A unified perspective on fine-tuning and sampling with diffusion and flow models

arXiv stat.ML / 5/4/2026

📰 NewsIdeas & Deep AnalysisModels & Research

Key Points

  • The paper studies how to train diffusion and flow generative models to sample from target distributions formed via exponential tilting of a base density, covering both sampling from unnormalized targets and reward fine-tuning of pretrained models.
  • It proposes a unified framework that connects two viewpoints—stochastic optimal control (SOC) using adjoint/score-matching methods and non-equilibrium thermodynamics.
  • The authors provide bias–variance decompositions showing that Adjoint Matching/Sampling and Novel Score Matching have finite gradient variance, while Target and Conditional Score Matching can have non-finite variance.
  • They also derive norm bounds for the lean adjoint ODE, support the theoretical effectiveness of adjoint-based methods, and extend CMCD/NETS losses plus Crooks and Jarzynski identities to the exponential-tilting setting.
  • Experimental validation is provided via reward fine-tuning on Stable Diffusion 1.5 and Stable Diffusion 3, demonstrating the practical relevance of the theoretical results.

Abstract

We study the problem of training diffusion and flow generative models to sample from target distributions defined by an exponential tilting of a base density; a formulation that subsumes both sampling from unnormalized densities and reward fine-tuning of pre-trained models.
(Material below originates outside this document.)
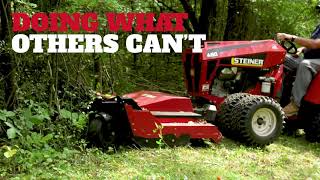Steiner - The Ultimate Golf Course Machine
This problem can be approached from a stochastic optimal control (SOC) perspective, using adjoint-based or score matching methods, or from a non-equilibrium thermodynamics perspective. We provide a unified framework encompassing these approaches and make three main contributions: (i) bias-variance decompositions revealing that Adjoint Matching/Sampling and Novel Score Matching have finite gradient variance, while Target and Conditional Score Matching do not; (ii) norm bounds on the lean adjoint ODE that theoretically support the effectiveness of adjoint-based methods; and (iii) adaptations of the CMCD and NETS loss functions, along with novel Crooks and Jarzynski identities, to the exponential tilting setting. We validate our analysis with reward fine-tuning experiments on Stable Diffusion 1.5 and 3.